Resultant moment of beam fixed at one end

[SubZer0]

TL;DR

Clarification of terminology

Hi all,

I just wanted to get some clarification on 'resultant moment' when calculated in 2D for a beam which is fixed at one end (point A), and has a load applied at the opposite end (point B). My interpretation of 'resultant moment' would be calculated as sum(M) = Ma + FL, where Ma is the reaction moment at the fixed end of the beam, F is the external force applied and L is the perpendicular distance between the applied load and point A. So in my understanding, the resultant moment about point A would simply be -FL, or the opposite of the sum of moments about point A.

Is this is a correct assumption?

Thanks!

 

[SubZer0]

Actually, thinking more about this, the resultant moment would simply be the sum of the moments about point A, and would not include the reaction moment at the fixed end. So above, the resultant moment would simply be sum(M)=FL.

 

[PhanthomJay]

Summary: Clarification of terminology

Hi all,

I just wanted to get some clarification on 'resultant moment' when calculated in 2D for a beam which is fixed at one end (point A), and has a load applied at the opposite end (point B). My interpretation of 'resultant moment' would be calculated as sum(M) = Ma + FL, where Ma is the reaction moment at the fixed end of the beam, F is the external force applied and L is the perpendicular distance between the applied load and point A. So in my understanding, the resultant moment about point A would simply be -FL, or the opposite of the sum of moments about point A.
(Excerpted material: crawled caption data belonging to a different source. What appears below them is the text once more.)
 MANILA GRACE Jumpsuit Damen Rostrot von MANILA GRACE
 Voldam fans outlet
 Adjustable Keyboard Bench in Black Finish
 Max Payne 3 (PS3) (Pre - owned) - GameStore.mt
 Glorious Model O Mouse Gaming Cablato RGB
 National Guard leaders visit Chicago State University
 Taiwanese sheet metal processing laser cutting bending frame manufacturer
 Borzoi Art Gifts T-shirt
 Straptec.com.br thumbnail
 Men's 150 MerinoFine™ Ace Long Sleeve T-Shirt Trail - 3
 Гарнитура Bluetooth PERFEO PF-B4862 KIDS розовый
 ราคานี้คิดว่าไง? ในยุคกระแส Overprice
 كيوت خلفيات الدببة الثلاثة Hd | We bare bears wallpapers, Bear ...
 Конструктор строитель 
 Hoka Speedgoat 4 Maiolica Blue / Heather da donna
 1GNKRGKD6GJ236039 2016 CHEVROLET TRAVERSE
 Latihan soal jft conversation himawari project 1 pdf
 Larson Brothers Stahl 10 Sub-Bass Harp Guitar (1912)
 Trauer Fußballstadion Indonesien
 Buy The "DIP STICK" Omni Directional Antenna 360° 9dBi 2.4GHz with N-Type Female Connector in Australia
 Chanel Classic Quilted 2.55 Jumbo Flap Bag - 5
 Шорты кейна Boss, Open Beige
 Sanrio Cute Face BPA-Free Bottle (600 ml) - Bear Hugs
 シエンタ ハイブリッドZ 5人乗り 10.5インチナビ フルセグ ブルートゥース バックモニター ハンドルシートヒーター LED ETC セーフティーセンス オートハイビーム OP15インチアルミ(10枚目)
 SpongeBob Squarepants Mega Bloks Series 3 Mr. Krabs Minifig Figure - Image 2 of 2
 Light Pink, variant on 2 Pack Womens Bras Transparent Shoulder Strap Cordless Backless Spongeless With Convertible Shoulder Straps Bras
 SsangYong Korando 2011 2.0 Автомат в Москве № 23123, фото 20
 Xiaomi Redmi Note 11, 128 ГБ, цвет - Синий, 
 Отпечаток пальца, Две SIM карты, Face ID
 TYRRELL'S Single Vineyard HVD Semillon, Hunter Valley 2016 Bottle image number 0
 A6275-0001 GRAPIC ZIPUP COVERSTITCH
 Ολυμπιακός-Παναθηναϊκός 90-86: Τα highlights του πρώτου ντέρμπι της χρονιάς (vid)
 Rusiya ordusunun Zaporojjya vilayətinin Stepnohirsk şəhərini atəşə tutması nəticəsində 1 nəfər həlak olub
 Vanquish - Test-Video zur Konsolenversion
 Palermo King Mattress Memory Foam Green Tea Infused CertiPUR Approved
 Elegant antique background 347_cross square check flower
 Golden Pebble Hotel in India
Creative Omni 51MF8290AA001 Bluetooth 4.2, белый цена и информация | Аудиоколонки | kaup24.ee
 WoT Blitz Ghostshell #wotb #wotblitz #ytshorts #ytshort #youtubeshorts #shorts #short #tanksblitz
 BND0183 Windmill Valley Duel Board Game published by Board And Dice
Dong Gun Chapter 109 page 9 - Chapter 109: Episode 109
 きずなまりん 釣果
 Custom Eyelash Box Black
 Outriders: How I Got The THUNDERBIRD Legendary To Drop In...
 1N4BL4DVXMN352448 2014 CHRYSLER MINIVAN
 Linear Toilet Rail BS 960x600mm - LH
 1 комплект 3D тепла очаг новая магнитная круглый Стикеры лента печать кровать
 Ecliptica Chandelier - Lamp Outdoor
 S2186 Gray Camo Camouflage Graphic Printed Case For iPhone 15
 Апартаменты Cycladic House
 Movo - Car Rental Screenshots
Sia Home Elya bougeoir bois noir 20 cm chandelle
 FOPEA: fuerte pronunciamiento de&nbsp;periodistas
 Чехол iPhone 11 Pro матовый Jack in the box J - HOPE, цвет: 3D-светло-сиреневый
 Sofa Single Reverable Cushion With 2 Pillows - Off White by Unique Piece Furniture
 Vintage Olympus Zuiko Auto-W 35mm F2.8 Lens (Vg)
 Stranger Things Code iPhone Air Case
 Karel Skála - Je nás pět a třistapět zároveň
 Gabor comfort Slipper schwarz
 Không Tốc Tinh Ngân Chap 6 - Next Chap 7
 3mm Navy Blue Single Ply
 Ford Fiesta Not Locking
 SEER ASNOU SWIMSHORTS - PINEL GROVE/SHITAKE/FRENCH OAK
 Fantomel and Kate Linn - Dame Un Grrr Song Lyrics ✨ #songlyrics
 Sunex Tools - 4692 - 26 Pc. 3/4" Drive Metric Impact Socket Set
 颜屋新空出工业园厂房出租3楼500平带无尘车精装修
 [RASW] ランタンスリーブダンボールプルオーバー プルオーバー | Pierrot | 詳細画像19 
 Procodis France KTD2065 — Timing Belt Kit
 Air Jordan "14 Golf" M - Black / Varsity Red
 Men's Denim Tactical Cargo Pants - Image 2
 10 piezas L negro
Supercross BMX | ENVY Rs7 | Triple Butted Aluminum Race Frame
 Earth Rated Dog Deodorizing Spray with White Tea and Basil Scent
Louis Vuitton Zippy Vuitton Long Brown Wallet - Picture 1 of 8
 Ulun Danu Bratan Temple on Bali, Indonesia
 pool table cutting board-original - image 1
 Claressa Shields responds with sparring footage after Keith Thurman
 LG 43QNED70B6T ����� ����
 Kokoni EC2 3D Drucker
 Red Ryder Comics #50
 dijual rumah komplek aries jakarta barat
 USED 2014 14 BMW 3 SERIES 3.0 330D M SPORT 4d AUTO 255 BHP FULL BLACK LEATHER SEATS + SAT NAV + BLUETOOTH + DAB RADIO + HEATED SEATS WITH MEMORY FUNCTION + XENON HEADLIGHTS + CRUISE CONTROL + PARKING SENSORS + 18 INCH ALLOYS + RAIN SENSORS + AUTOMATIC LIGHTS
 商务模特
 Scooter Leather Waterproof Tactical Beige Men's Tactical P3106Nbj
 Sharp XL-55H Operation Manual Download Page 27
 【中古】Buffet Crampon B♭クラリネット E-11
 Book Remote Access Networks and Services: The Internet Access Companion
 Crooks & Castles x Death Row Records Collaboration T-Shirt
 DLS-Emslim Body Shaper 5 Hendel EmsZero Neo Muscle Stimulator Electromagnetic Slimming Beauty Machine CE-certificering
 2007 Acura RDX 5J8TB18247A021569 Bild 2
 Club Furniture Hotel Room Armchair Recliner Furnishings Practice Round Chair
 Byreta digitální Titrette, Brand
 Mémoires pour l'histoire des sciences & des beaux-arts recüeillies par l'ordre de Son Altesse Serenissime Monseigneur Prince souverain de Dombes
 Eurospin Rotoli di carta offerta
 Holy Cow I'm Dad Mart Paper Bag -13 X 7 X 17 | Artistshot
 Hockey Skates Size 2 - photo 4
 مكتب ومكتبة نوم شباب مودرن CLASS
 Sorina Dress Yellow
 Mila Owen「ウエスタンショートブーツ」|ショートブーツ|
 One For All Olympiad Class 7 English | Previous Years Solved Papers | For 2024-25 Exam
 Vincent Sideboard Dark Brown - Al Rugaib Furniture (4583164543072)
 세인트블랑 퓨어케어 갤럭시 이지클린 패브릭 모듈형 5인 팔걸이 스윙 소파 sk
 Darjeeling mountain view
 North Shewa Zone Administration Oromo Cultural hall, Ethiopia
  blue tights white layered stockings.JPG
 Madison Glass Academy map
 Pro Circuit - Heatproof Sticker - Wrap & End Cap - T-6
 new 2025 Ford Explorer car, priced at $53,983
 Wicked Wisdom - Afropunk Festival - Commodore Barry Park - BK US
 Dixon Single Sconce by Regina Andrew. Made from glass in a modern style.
Is this is a correct assumption?

Thanks!

It depends on what you mean by resultant moment. The resultant moment of the applied force about A is +FL. The resultant fixed end moment is -FL. The resultant moment on the beam as a whole is 0, for equilibrium. The term resultant is usually used when there is a distributed load and you want to find its resultant acting as a point load. Otherwise it may be best to stay away from that term and consider moments and forces separately in the x and y directions.